Donald Trump tenía ya enemistades, bastantes, antes de convertirse en el cuadragésimo quinto presidente de los Estados Unidos de América el 20 de enero del año en curso; de ese día a la fecha, se ha agenciado otras cada vez más y más. Pero entre todas, la peor no es ni el terrorismo islámico ni la “invasión” al territorio que hoy “dirige” por parte de una emigración que, para nada, es reciente; es histórica y entre sus partícipes se incluye hasta su madre. No son esas las más grandes entre todas; sus más terribles enemistades son su propia personalidad, sus decisiones y sus acciones.
Con cada decreto, declaración o tuit que emite, lo que ha hecho desde que está al frente de tan poderosa nación ‒esa que hace más de ocho años parecía profundizar su democracia, con la elección de un mandatario federal afroamericano‒ es hincarle uno a uno los clavos a su ataúd político. De seguir así, como parece seguirá, cabe considerar como posibilidad lo que la sección cuarta del artículo II de la Constitución estadounidense establece: que pueden separarlo del cargo si es acusado y declarado culpable “de traición, cohecho u otros delitos y faltas graves”.
Otro escenario podría ser el de una oposición social interna fuerte y masiva, permanente y creativa, a la que quizás se sumaría la de ciertos liderazgos políticos, religiosos y morales dentro y fuera del país. Llama poderosamente la atención que importantes funcionarios de la Organización de las Naciones Unidas ‒el alto comisionado y el relator especial sobre la tortura, en concreto‒ ya cuestionaron públicamente a Trump. Todo esto, en conjunto, vendría a ser una especie de détente global en defensa de valores incuestionables fundados en la dignidad de la persona humana y la de los pueblos.

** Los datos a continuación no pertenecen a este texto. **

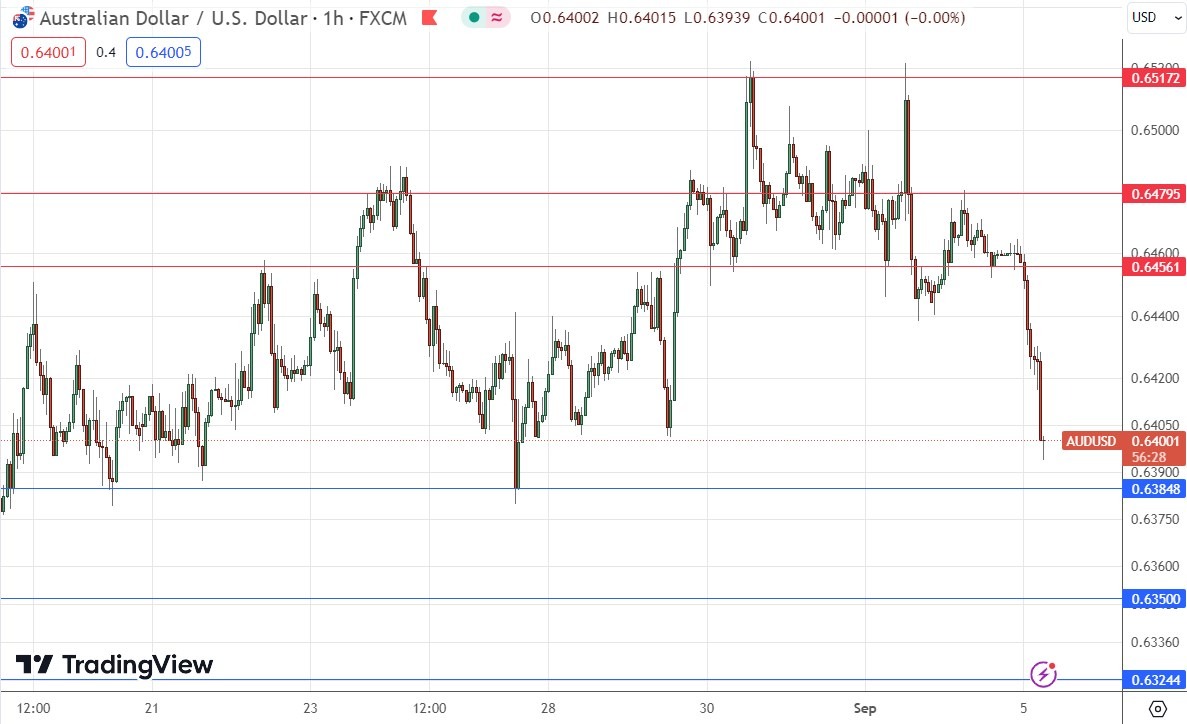 AUD/USD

Tras esta reflexión inicial, preocupada combinación de cruda realidad e ilusionada especulación, hay que ver la situación actual de Estados Unidos de América y el mundo como una oportunidad para la subregión que ‒hoy por hoy y desde hace rato‒ es considerada como la más violenta y peligrosa del planeta: los territorios guatemalteco, hondureño y salvadoreño, que juntos son también conocidos como el “triángulo norte centroamericano”.